El sueño soviético de Vladímir Putin/Shlomo Ben Ami, a former Israeli foreign minister, is Vice President of the Toledo International Center for Peace. He is the author of Scars of War, Wounds of Peace: The Israeli-Arab Tragedy. 
Traducción: Esteban Flamini
Project Syndicate |2 de septiembre de 2015.
El reciente acuerdo nuclear alcanzado por seis grandes potencias mundiales e Irán fue un triunfo del multilateralismo. Si esas mismas potencias (los cinco miembros permanentes del Consejo de Seguridad de las Naciones Unidas y Alemania) mostraran la misma voluntad de trabajar juntas para resolver otras disputas, el mundo podría entrar a una nueva era de cooperación y estabilidad.
Por desgracia, esa posibilidad parece lejana. Hoy, órdenes regionales de larga data se encuentran amenazados por una variedad de situaciones de competencia y conflicto (desde las actividades chinas en el mar meridional de China hasta el avance continuo de Estado Islámico en Medio Oriente). Pero el conflicto más decisivo (aquel cuya solución influiría sobre todos los demás) probablemente esté en Ucrania, país que se ha vuelto fundamental para las ambiciones expansionistas del presidente ruso, Vladímir Putin.

La anexión unilateral de Crimea y el apoyo ruso a los separatistas del este de Ucrania fracturaron las relaciones de Moscú con Occidente; y Putin ha recreado intencionalmente una atmósfera de Guerra Fría con su prédica de los “valores conservadores” rusos como contrapeso ideológico al orden mundial liberal guiado por Estados Unidos. Sin embargo, hay muchas cuestiones clave (la matanza en Siria, el combate a Estado Islámico, la no proliferación nuclear y la superposición de intereses y reclamos en el Ártico) que no se podrán resolver sin la participación de Rusia.
Por eso, sin importar cuán difícil sea para las potencias occidentales, algunas medidas para tranquilizar al Kremlin son inevitables. Estados Unidos debería mostrarse más comprensivo de las susceptibilidades de Rusia (importante potencia y gran civilización), y es preciso atender a sus legítimos intereses de seguridad en sus fronteras con países de la OTAN; en particular, que Ucrania no se integre a una alianza militar rival. Un aval del parlamento ucraniano (a pesar de la intensa oposición internacional) a una solución cuyo primer proponente fue Putin, a saber, autonomía para las regiones separatistas prorrusas, es exactamente el tipo de concesión que se necesita para restaurar la paz.
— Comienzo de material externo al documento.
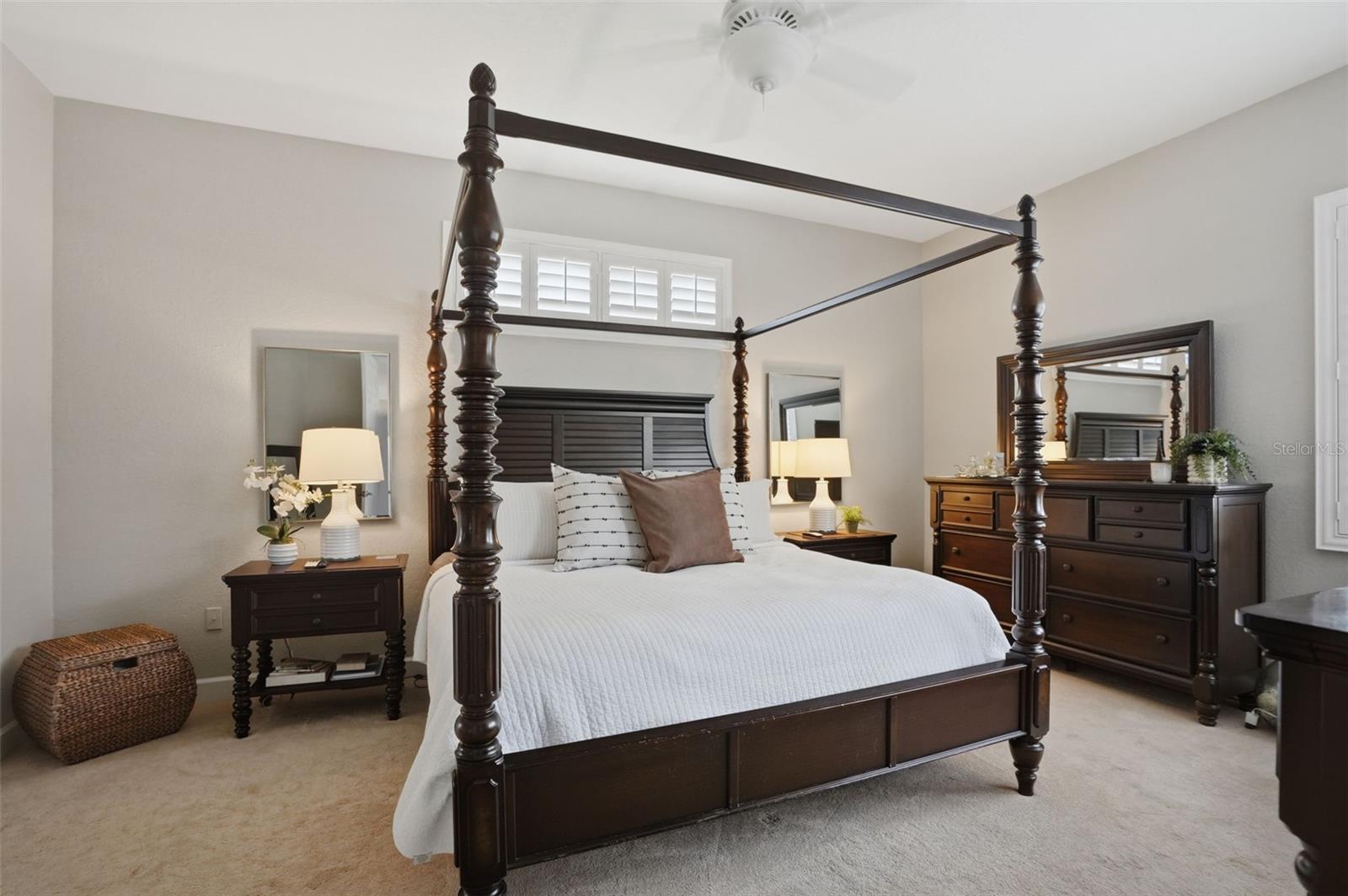 PRISTINE PLACE PH 6 - Residential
Pero en definitiva, la que debe cambiar de actitud es Rusia. Promover la nostalgia de la condición de “gran potencia” de la Unión Soviética en tiempos de la Guerra Fría no permite ver las enseñanzas que dejó aquella época. La Unión Soviética era un imperio insostenible; si no pudo sobrevivir en una época signada por el aislamiento y la bipolaridad, menos podrá ser recreado en el sistema global multipolar e interconectado de hoy.
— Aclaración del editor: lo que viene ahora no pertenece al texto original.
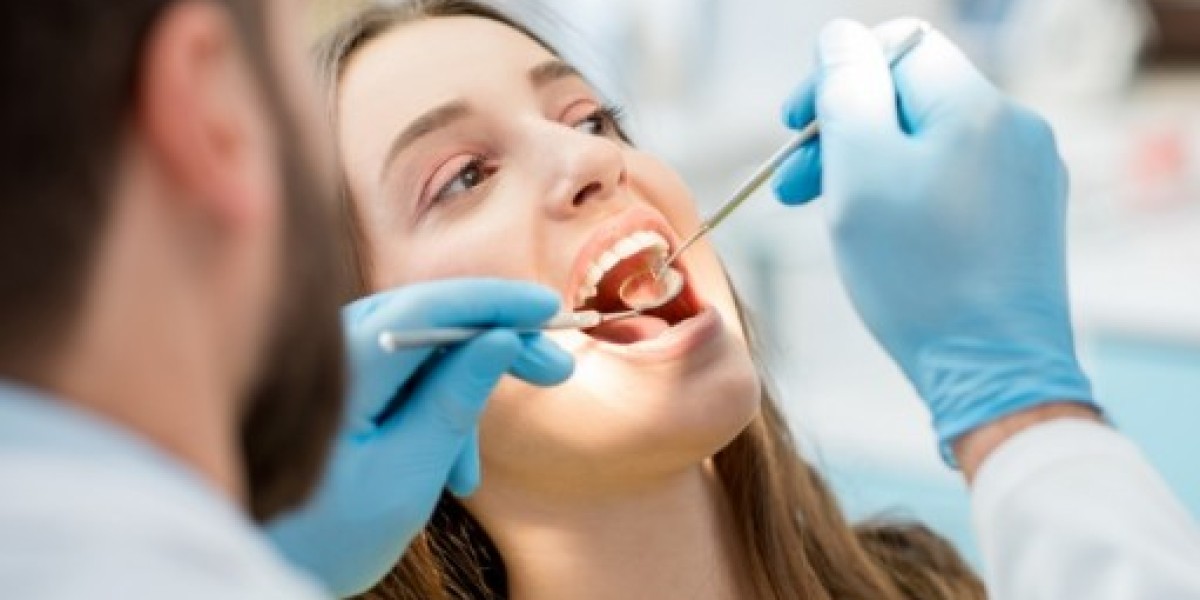 Unveiling the Smile Makeover: The Role of a Cosmetic Dentist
Rusia ya no está en condiciones de confrontar con Occidente: su economía languidece, y carece de alianzas sólidas capaces de contrarrestar el poder de Estados Unidos. Putin confía en que Rusia y sus socios del grupo BRICS (Brasil, India, China y Sudáfrica) se conviertan en los “futuros líderes del mundo y de la economía mundial”, según se expresó en julio durante el cierre de las cumbres de los BRICS y la Organización de Cooperación de Shanghai.
Pero lo cierto es que los BRICS y la OCS están lejos de ser un bloque cohesionado que pueda aislar a Rusia de las consecuencias de su conducta en Ucrania. Los desacuerdos de los varios integrantes de estos grupos con Occidente no pueden ocultar las diferencias de valores e intereses estratégicos que tienen entre sí.
Lo mismo vale para la relación bilateral de Rusia con China, que se basa sobre todo en la dependencia china de las fuentes de energía rusas, en el apoyo de ambos países al concepto de “esferas de influencia” como fundamento de un orden mundial alternativo y en sus ejercicios navales conjuntos en el Mar Negro. Pero ambos países tienen un conflicto de intereses en Asia Central, donde China está invirtiendo intensamente para extender su influencia hacia países que Rusia denomina su “extranjero próximo”. Cuando el año pasado Putin cuestionó la independencia de Kazajistán, China se apresuró a apoyar la soberanía kazaja. Otra fuente de preocupación para el Kremlin es la posibilidad de una intrusión china en los despoblados confines del extremo oriental de Rusia, región que en opinión de China le fue robada, como Hong Kong y Taiwán, durante el “siglo de humillación”.
Además, la economía china depende de que no se corte su acceso a los mercados occidentales (especialmente, Estados Unidos). En momentos en que la desaceleración económica genera incertidumbre en China, Beijing no puede darse el lujo de provocar tensiones con Estados Unidos por nada que no tenga que ver con sus intereses directos, por ejemplo los reclamos territoriales en el mar de China meridional.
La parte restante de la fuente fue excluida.